Hence, the requirement in part two of the definition of Open Access, stating that the publication should be "deposited immediately upon initial publication in at least one online repository that is supported by an academic institution, scholarly society, government agency, or other well-established organization that seeks to enable open access, unrestricted distribution, interoperability, and long-term archiving". Google likes to pretend it is an academic institution, scholarly society, and maybe even a government agency, (Always look to the future with a fear of the feet of the giants of today!) but it is none of these things. "At least one" is the key. Does Google Book Search allow you to copy one of their works to another database? Why not? Because controlling digital media is about controlling access--the work itself does not matter. Open Access has realized this next fight, much as Google has, and is putting itself on the side of information's freedom.
So, I like this Open Access. It's a major step forward, not just for science (the importance of which for humanitarian goals is immediately obvious), but for property theory in general.
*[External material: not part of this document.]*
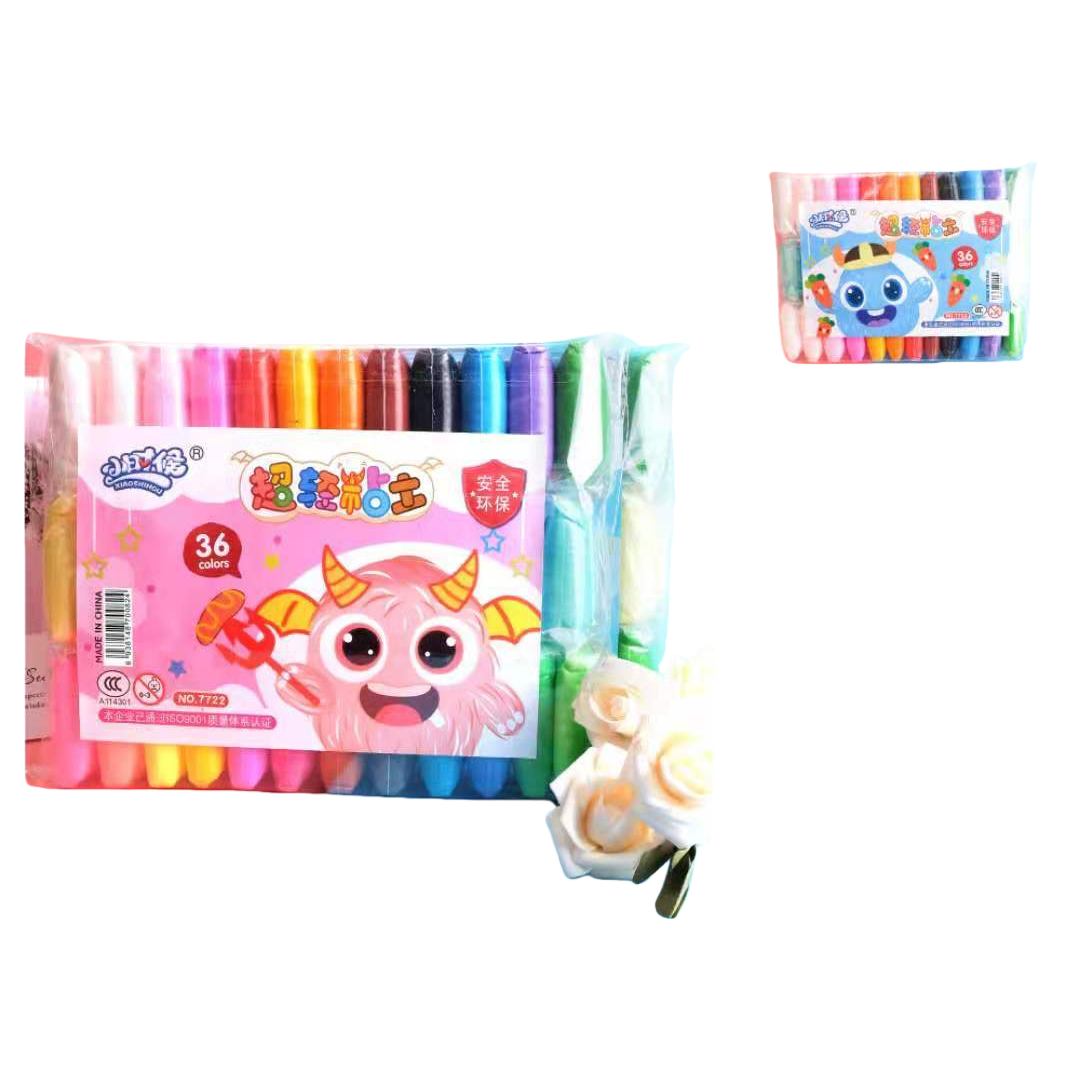 Fun educational and educational educational colored clay handicraft creative toys for children to learn hands-on DIY sand sculpture clay sets details Picture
We are moving towards a new conception of property and labor, and this is a part of it.
That said, I don't think I am ready to contribute any of my work to Open Access, as a writer. A good amount of my writing is available online for free, via CC non-comm (see the bottom footer of the blog, for example). But to let it completely out of my creative control, I'm not quite ready. Then again, this blog has only been in existence for a little over two years, and anything I would consider "publishable" has been written in about the same time period. Maybe once it's aged a bit, I will feel differently. Also, if I had a teaching job paying the bills, I might be totally fine with giving the fruits of my "research" out for free and letting it completely out of my control. Who knows--time will tell.
The one thing I'm sure of, is that standards like Creative Commons and Open Access have definitely helped me move in the direction of a new relationship towards my production and my product, both intellectually, and to its actual physical/digital incarnations.